Greenlining’s report evaluated and graded the firms on the amount of money spent on diverse and minority suppliers, the number of staff members dedicated to improving supplier diversity and how much money the corporations invested in supplier diversity programs.
Some companies – PG&E ($229.94 million), Cox ($252.08 million) and Sprint ($225.47 million) – spent several multi-millions on contracts with Black businesses. Others spent finite amounts – Comcast ($2.50 million), T-Mobile ($5.05 million), Frontier ($570,941) and Park/Apple Valley ($0).
Beavers commended PG&E, officially known as Pacific Gas & Energy, for the amount of money it spent on supplier diversity and the number of people working on supplier diversity.
In a press release announcing the study, Greenlining denigrated Comcast due in part to the cable provider awarding Black establishments a smidge above one half of one percent of its contracting funds.
“We can’t help but be disappointed that a huge and influential company like Comcast shows so little regard for California businesses owned by minorities, women, disabled veterans and LGBT Californians,” Beavers said.
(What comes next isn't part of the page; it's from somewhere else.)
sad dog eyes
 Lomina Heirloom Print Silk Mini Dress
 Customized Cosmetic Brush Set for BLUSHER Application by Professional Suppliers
Comcast acknowledged its diversity spending was challenged in its diversity report. The corporation blamed the dire straits of its diversity program on a supplier diversity coordinator leaving the company and the loss of its biggest “diverse prime construction contractor in 2014.” Comcast said it hired a nationally-known diverse prime contractor last year, but the vendor, certified as a minority-business nationally, was ineligible to be recognized as a minority firm in California.
Beavers said some establishments might lack a strong commitment from their CEOs or the resources and personnel numbers to excel in supplier diversity. She said corporations look for the same things in minority suppliers as they do in businesses led by white males; a firm that will help them move towards their goals and address problems.
Beavers conceded there must be a concerted initiative to increase the number of Black businesses that get contracts with utility giants though.
“We see that in every industry when looking at supplier diversity, African-Americans are struggling to secure these opportunities,” she said. “That’s dangerous.”